Watch out Ellis County Sheriff's Department troopers. Michele Springer has not forgotten what happened last year at Centennial Lanes bowling alley as part of First Call For Help’s annual fundraiser, The Amazing Race.

The troopers, a competing team that took first place for quickest time last year, tied together the shoelaces of Springer’s husband, Chris Springer.

“They’re sneaky, the sneaky troopers,” Springer laughed. “The troopers are the team to beat, for their tomfoolery.”

This is Springer’s second year in The Amazing Race, a fundraiser for First Call For Help to raise money for Ellis County families that need help paying rent or water and electric bills.

It’s for a good cause, Springer says, but that’s not the only reason she and her husband participate as part of the Crazy Kiwanis Springer Style team.

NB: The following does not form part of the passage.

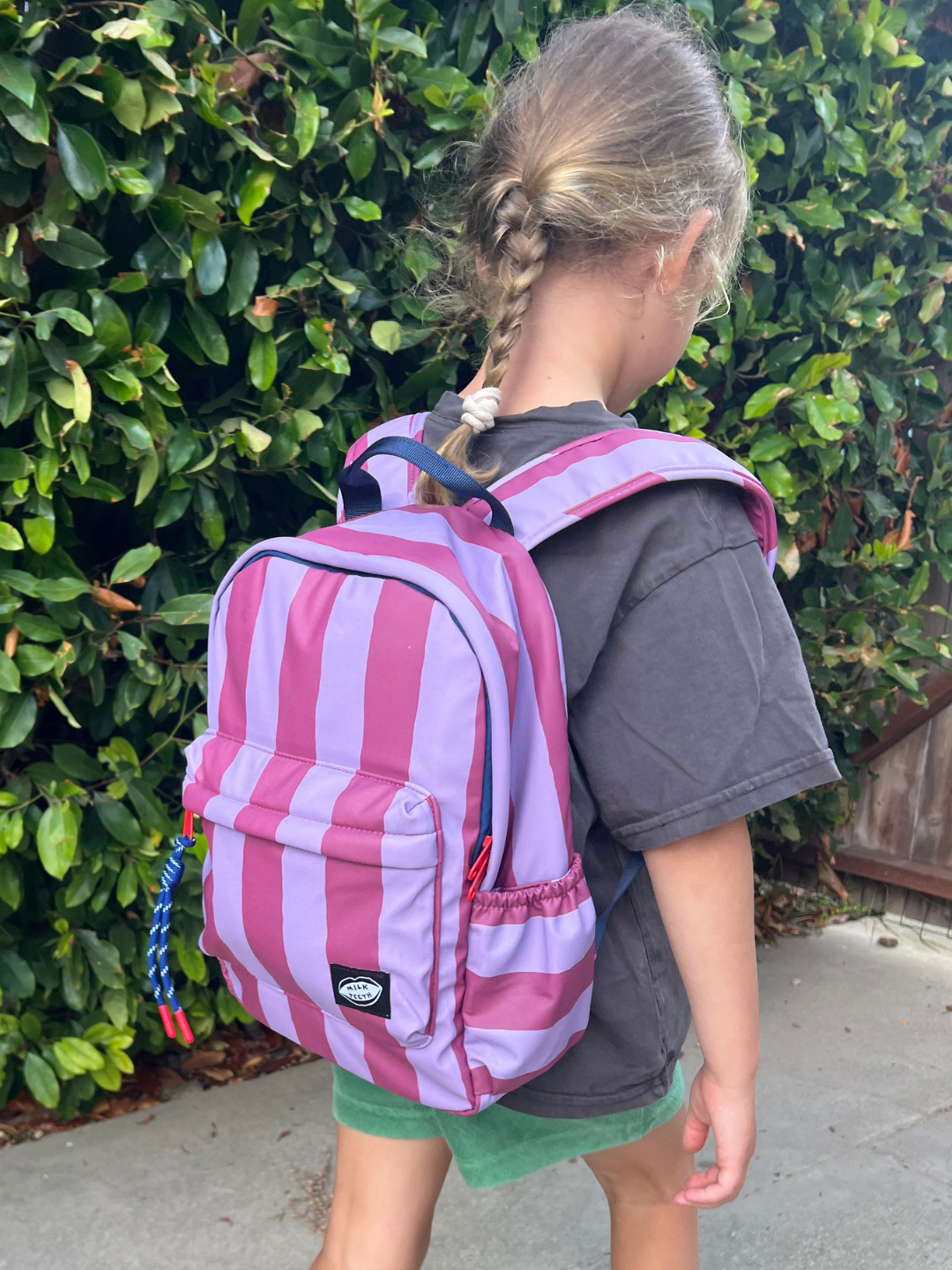 Purple Stripe | A child wearing a maroon and lavender striped backpack, standing outdoors in front of a green hedge.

“I’m kind of excited, it’s an opportunity to go to different places in town that I haven’t been to before,” she said. “I wish more people would do it, because I think they would enjoy doing it too.”

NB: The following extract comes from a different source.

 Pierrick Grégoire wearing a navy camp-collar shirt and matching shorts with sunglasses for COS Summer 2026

The race is March 2, but the deadline to register is Friday. Registration is $300 for a four-person team.

Now in its fourth year, the 2018 race raised $3,000, said Laura Shoaff, First Call project coordinator for the race. The 2018 money helped pay rent for 61 families with 129 family members, and utilities for 36 families with 117 family members.

“The race benefits people in Ellis County in threat of being evicted from their homes or in threat of getting their utilities shut off,” Shoaff said.

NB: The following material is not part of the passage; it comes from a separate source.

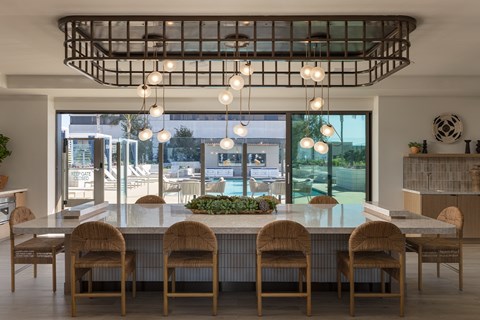A modern dining room with a large table and chairs.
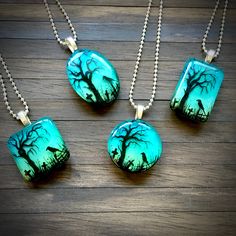 "Spooky Tree Twilight Resin Pendant. This pendant is made from resin and has a fresh, contemporary look. Features a hand painted spooky tree in a field set against a multi-layered twilight scene.  Every pendant is hand painted so the branches and layout will differ slightly each time -  therefore you will own a true one of a kind! Reverse side is white and covered in fine iridescent glitter. Pendant is extremely light to wear and smooth to touch. Available in 4 shapes: rectangle, square, oval an Hand Painted Jewelry For Halloween Gift, Halloween Gift Resin Jewelry, Halloween Resin Jewelry Gift, Handmade Resin Jewelry For Halloween, Hand Painted Resin Pendant Necklaces, Black Resin Pendant Jewelry, God Crafts, Tree In A Field, Artistic Resin Round Pendant Necklace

The day of the race, The Amazing Race teams get clues that lead them to an Ellis County business, where they complete a challenge, then get another clue that leads them to the next business. About 14 businesses participate each year, Shoaff said. Awards are given for Quickest Time, Best Costume or Uniform, and Ultimate Fundraiser for raising the most money.

Kiwanis Club of Hays each year donates $1,500, $600 of which funds two Kiwanis teams, and the remainder to help fund two other teams, which included football players for Fort Hays State University in 2018.

“We like to give money back in the community, especially when we know it’s staying local,” said Springer, who is incoming president of the Kiwanis Club of Hays. “Kiwanis is a service organization that focuses on children and children organizations,” including CASA of the High Plains Inc., Boys and Girls Clubs of America, Boy Scouts and Girl Scouts, and Big Brothers Big Sisters.”

First Call for Help, 607 E. 13th, provides centralized emergency services in Ellis County. It’s supported by contributions and grants, including from United Way of Ellis County, City of Hays, and Ellis County Ministerial Alliance, as well as community businesses, organizations and individuals.

Last year there were seven teams in the race and about 15 volunteers. So far this year, only three teams have signed up, Shoaff said.

“It’s a new event and there are still a lot of people who don’t know about it,” she said. “But I would love to have 10 teams. It’s been a great event and a lot of fun for the people involved.”

One year the teams followed clues to Daylight Donuts, 113 E. Eighth, where they used cardboard and markers to make signs and try to panhandle .69 cents to buy a donut.

“We’re trying to get them to understand how difficult it is to come up with 69 cents,” Shoaff said. “That isn’t very much money, but if you don’t have it, it is.”

One year Augustine’s Bakery, 1305 Main St., had the competitors decorate cookies with the revered colors of Kansas college football icons, Jayhawks and Wildcats. The cookies were donated to The Gamer’s Guild, 200 E. Eighth St., which offers a safe space for anyone to hang out. Another year the competitors made sack lunches that were donated to The Gamer’s Guild.

“Sometimes the race does a lot of community service,” Shoaff said, such as doing needed painting at First Call, or delivering flower arrangements to nursing homes. “It’s been a great event and a lot of fun for the people involved.”

For more information, or to register, go to or call (785) 623-2800.

This story has been updated to correct the winner of the 2018 race. The race was won by a team from the Ellis County Sheriff’s Office, “Troopers need heroes too,” comprised of detectives Brian Shannon and Brad Ricke, and deputy Davis Whisman and jailer Braden Parke. The Hays Daily News apologizes for the error.